We spent four days in Pittsburgh this month, not a lot of time to get to know a city well, but enough to get a strong sense of the place, and it felt very insular to me.
I’d be curious to see a poll of Americans who have visited at least a couple of our 30 largest metropolitan areas. I’d hazard a guess that, if they all listed the metro areas they’ve visited, Pittsburgh would be toward the bottom of the list. I’m also guessing that Pittsburghers, generally, don’t travel outside their area quite as much as others do.
I could be entirely wrong about this. For all I know, Pittsburgh might be among the most visited of cities and Pittsburghers could be among our most accomplished travelers.
And I suppose it would have to be weighted for the great distance separating places like Salt Lake City and Denver from other large cities, as they aren’t as close to other metro areas as most of the east is.
Still, culturally it feels isolated. Part of that sense is the geography of the place; western Pennsylvania is mountainous, with green ridges scored with pretty river valleys. It is gorgeous – one route into Pittsburgh is highway 22, the Penn Lincoln Parkway into the Fort Pitt tunnel through Mt. Washington, which opens out onto the three rivers panorama, including downtown Pittsburgh, as you take the Fort Pitt bridge into downtown.
I love the sense of history Pittsburgh has. We visited the Frick Art and Historical Center, touring the Frick’s home, Clayton, and the art museum, enjoying the various paintings and illustrations of the small, rugged 18th century settlement as it grew into an industrial power in the 19th century. (Great illustrations of the huge fire of 1845.)
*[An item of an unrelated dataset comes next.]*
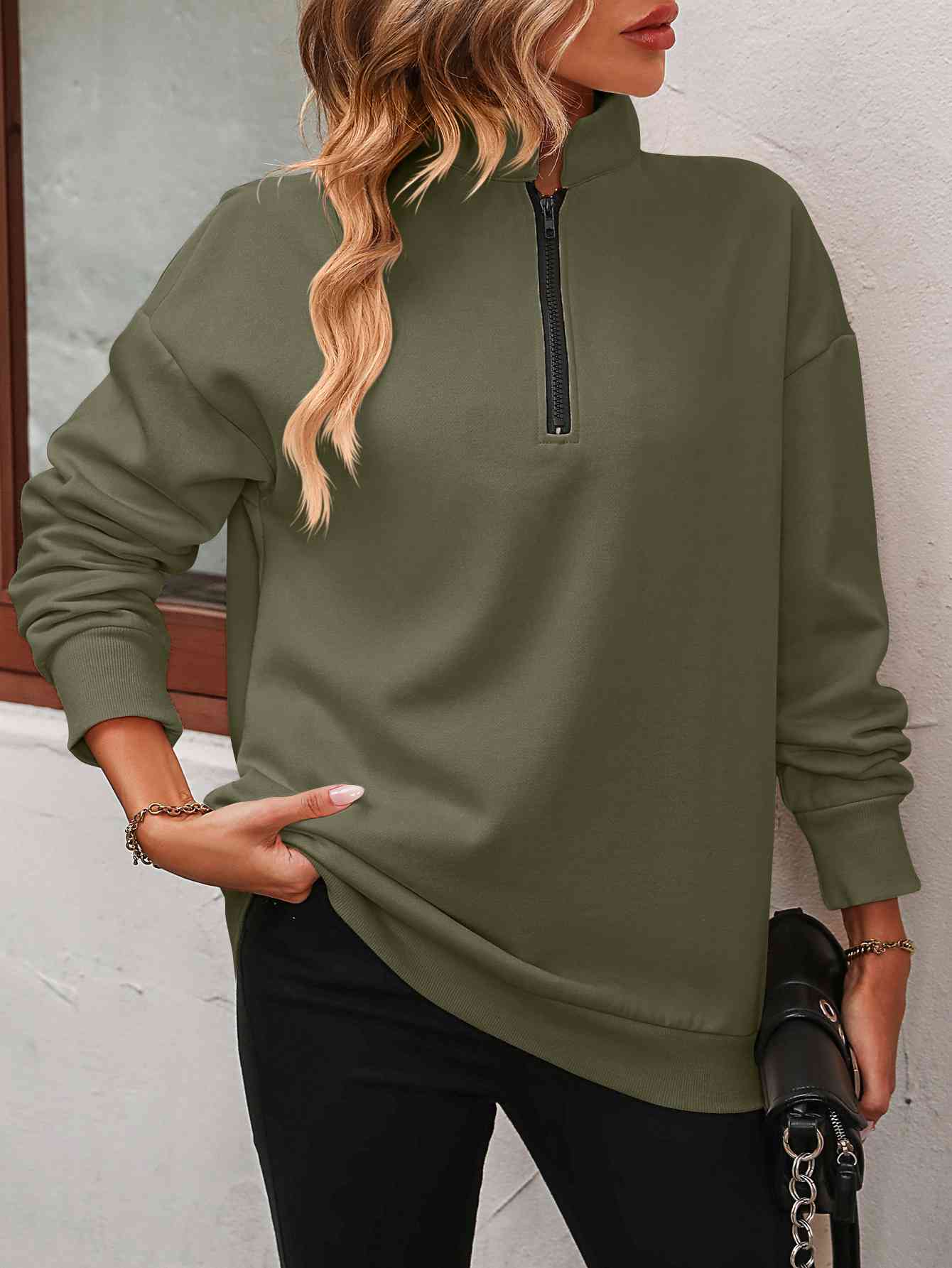 Sweat-shirt zippé à épaules tombantes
I love walking around any city with pre-modern architecture, and the Steel City has a lot of ornate old office towers and tall red-brick architecture. There’s a strong sense of neighborhood; we visited the area around the University of Pittsburgh a couple times, including the Cathedral, Forbes Avenue, Carnegie-Mellon, and Squirrel Hill.
We even enjoyed a two-museums-in-one visit, going to the Carnegie’s art museum one morning and virtually having the galleries to ourselves, then having a great meal in their café, before going to the natural history museum and shuffling along with the crowds checking out one of the best dinosaur fossil displays in the world. (Some incredible complete skeletons.)
It’s not quite fair to draw conclusions, in that we were in the art museum soon after the 10 am opening and in the dinosaur exhibit in the afternoon, when the crowds are naturally larger – but it sure seemed that art took a backseat in the blue-collar burg to mesomorphic bones.
The Hall of Architecture is also worth mentioning – it was one of the unique surprises for us. Apparently, in the late 19th century (when Carnegie was amassing his collection) plaster casts of monumental architecture were still popular – a copy of a masterpiece considered better than a mediocre original.
So they copied facades of a cathedral and other monuments – and Carnegie retains one of the few large collections still extant, and the only one still under its original skylit setting. It’s cool to be able to walk around enjoying some of the most impressive sights of antiquity and the middle ages; most places no longer permit casts like this to be made.